EXTRACTED DATA:
::::::::::

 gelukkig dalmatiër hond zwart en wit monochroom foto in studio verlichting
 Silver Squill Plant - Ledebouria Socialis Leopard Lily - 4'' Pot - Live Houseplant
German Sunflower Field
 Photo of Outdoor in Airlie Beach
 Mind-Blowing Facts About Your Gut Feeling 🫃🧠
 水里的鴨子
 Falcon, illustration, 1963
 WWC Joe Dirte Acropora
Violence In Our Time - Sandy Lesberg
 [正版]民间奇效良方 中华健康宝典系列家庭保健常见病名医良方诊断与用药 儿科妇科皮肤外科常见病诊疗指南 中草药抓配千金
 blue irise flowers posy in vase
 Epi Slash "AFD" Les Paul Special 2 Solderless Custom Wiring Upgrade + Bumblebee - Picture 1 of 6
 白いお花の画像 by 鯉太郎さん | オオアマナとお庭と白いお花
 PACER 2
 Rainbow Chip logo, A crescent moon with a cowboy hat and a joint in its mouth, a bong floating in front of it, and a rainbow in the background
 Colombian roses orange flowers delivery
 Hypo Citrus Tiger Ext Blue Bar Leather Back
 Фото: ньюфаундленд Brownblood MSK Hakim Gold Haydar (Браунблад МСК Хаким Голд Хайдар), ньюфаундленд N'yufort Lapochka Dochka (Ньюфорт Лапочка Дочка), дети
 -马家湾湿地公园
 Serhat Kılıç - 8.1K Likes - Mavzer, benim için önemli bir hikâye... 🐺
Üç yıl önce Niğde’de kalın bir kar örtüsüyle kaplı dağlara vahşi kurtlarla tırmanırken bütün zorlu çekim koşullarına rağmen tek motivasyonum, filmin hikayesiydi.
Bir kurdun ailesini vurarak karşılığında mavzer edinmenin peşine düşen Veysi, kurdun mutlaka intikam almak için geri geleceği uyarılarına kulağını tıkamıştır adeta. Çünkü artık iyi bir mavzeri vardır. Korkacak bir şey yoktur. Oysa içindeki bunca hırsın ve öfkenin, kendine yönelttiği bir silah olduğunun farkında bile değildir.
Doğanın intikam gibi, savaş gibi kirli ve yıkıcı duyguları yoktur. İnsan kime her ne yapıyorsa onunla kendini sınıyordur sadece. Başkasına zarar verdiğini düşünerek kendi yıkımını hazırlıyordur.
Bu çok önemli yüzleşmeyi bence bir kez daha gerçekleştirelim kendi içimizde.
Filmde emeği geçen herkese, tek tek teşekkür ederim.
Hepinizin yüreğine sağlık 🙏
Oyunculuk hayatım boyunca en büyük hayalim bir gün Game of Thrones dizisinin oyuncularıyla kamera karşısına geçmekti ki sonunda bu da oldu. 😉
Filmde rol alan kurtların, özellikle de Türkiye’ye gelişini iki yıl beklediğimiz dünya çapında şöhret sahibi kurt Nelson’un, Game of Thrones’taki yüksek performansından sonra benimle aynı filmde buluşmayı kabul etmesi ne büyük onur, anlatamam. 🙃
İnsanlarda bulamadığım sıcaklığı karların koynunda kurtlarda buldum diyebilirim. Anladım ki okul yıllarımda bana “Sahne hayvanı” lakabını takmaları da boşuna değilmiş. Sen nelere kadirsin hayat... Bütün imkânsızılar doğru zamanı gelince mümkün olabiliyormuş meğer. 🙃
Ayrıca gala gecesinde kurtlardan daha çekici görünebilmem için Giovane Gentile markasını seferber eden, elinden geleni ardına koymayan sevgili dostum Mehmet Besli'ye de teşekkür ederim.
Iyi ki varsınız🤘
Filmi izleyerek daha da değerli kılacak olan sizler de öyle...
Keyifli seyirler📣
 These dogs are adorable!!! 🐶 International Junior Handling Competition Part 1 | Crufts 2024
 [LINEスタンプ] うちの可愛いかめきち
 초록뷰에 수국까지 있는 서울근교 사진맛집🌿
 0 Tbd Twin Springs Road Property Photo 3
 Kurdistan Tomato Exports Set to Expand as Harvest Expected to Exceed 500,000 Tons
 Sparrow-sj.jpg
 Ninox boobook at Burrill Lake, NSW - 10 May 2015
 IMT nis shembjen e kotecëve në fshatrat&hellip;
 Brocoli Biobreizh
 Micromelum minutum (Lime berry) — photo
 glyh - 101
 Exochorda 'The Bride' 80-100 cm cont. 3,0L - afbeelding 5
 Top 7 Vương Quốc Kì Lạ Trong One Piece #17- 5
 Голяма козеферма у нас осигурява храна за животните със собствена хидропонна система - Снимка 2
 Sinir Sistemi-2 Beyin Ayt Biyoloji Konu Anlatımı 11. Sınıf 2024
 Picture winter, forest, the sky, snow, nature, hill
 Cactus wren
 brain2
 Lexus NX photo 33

::::::::::

WORK INSTRUCTION: Everything in the material above from the line that has "Serhat Kılıç - 8.1K" through the line that has "0 Tbd Twin Springs Road Property Photo 3" must be duplicated exactly, with no other lines given.

EXERCISE RESULT:
 Serhat Kılıç - 8.1K Likes - Mavzer, benim için önemli bir hikâye... 🐺
Üç yıl önce Niğde’de kalın bir kar örtüsüyle kaplı dağlara vahşi kurtlarla tırmanırken bütün zorlu çekim koşullarına rağmen tek motivasyonum, filmin hikayesiydi.
Bir kurdun ailesini vurarak karşılığında mavzer edinmenin peşine düşen Veysi, kurdun mutlaka intikam almak için geri geleceği uyarılarına kulağını tıkamıştır adeta. Çünkü artık iyi bir mavzeri vardır. Korkacak bir şey yoktur. Oysa içindeki bunca hırsın ve öfkenin, kendine yönelttiği bir silah olduğunun farkında bile değildir.
Doğanın intikam gibi, savaş gibi kirli ve yıkıcı duyguları yoktur. İnsan kime her ne yapıyorsa onunla kendini sınıyordur sadece. Başkasına zarar verdiğini düşünerek kendi yıkımını hazırlıyordur.
Bu çok önemli yüzleşmeyi bence bir kez daha gerçekleştirelim kendi içimizde.
Filmde emeği geçen herkese, tek tek teşekkür ederim.
Hepinizin yüreğine sağlık 🙏
Oyunculuk hayatım boyunca en büyük hayalim bir gün Game of Thrones dizisinin oyuncularıyla kamera karşısına geçmekti ki sonunda bu da oldu. 😉
Filmde rol alan kurtların, özellikle de Türkiye’ye gelişini iki yıl beklediğimiz dünya çapında şöhret sahibi kurt Nelson’un, Game of Thrones’taki yüksek performansından sonra benimle aynı filmde buluşmayı kabul etmesi ne büyük onur, anlatamam. 🙃
İnsanlarda bulamadığım sıcaklığı karların koynunda kurtlarda buldum diyebilirim. Anladım ki okul yıllarımda bana “Sahne hayvanı” lakabını takmaları da boşuna değilmiş. Sen nelere kadirsin hayat... Bütün imkânsızılar doğru zamanı gelince mümkün olabiliyormuş meğer. 🙃
Ayrıca gala gecesinde kurtlardan daha çekici görünebilmem için Giovane Gentile markasını seferber eden, elinden geleni ardına koymayan sevgili dostum Mehmet Besli'ye de teşekkür ederim.
Iyi ki varsınız🤘
Filmi izleyerek daha da değerli kılacak olan sizler de öyle...
Keyifli seyirler📣
 These dogs are adorable!!! 🐶 International Junior Handling Competition Part 1 | Crufts 2024
 [LINEスタンプ] うちの可愛いかめきち
 초록뷰에 수국까지 있는 서울근교 사진맛집🌿
 0 Tbd Twin Springs Road Property Photo 3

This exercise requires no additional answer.